Um grupo de magistrados do Trabalho da 4ª Região participou da Cumbre Panamericana de Direitos Sociais e Doutrina Franciscana, encontro realizado em Roma, na Itália, nos dias 3 e 4 de junho. O seminário foi promovido pela Pontifícia Academia das Ciências Sociais do Vaticano e reuniu operadores do Direito do países da América do Norte, do Centro e do Sul.

O evento contou com a participação dos seguintes magistrados do Tribunal do Trabalho da 4ª Região (TRT-RS): desembargadora Maria Madalena Telesca (pela Associação Latinoamericana de Juízes do Trabalho – ALJT) e juíza Valdete Souto Severo (pela Associação Juízes para a Democracia – AJD), ambas presentes como observadoras.
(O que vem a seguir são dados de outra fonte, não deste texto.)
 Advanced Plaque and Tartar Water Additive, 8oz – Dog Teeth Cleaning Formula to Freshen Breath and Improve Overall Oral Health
Já os juízes Eliane Covolo Melgarejo (representante do TRT-RS), Rafael da Silva Marques (participante pelo TRT-RS), Daniela Floss e Gabriela Lenz Lacerda (ambas pela AJD) participaram na qualidade de expositores. 
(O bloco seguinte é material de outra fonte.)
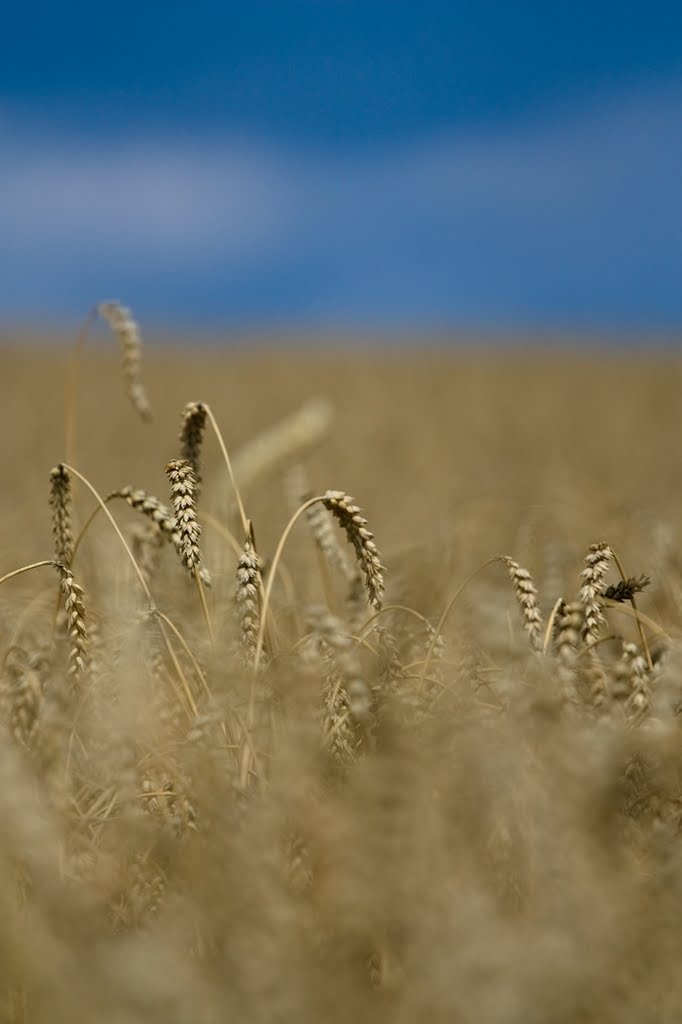 pšenice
Leia nos links as manifestações dos quatro magistrados. 

ELIANE MELGAREJO

RAFAEL MARQUES 

DANIELA FLOSS

GABRIELA LENZ DE LACERDA

Mensagem do Papa Francisco

No encerramento do encontro, o Papa Francisco falou aos participantes. Em sua mensagem, ele salientou a importância de lideranças “valentes” capazes de abrir caminhos às gerações atuais, e também futuras, criando condições para superar as dinâmicas de exclusão e segregação, de modo que a injustiça não tenha a última palavra.

Francisco também manifestou a sua preocupação com alguns “doutrinários”, que consideram os direitos sociais como algo antigo e, deste modo, confirmam políticas econômicas e sociais que levam à aceitação e justificação da desigualdade e da indignidade. Desta forma, cria-se uma “injustiça social naturalizada”.

Para o Papa, um sistema político-econômico precisa garantir que a democracia não seja somente nominal, mas seja marcada por ações concretas que velem pela dignidade de todos os seus habitantes. Isso exige esforços por parte das autoridades para reduzir a distância entre o reconhecimento jurídico e a prática do mesmo. “Não existe democracia com fome, desenvolvimento com pobreza nem justiça com iniquidade”, ponderou.

O Pontífice ainda declarou-se preocupado com uma nova forma de intervenção exógena nos cenários políticos dos países através do uso indevido de procedimentos legais e tipificações judiciais, prática conhecida como “lawfare”, e com o isolamento dos juízes. Por isso, aprova uma das finalidades do encontro no Vaticano, que é criar um Comitê Permanente Pan-americano de Juízes e Juízas pelos Direitos Sociais.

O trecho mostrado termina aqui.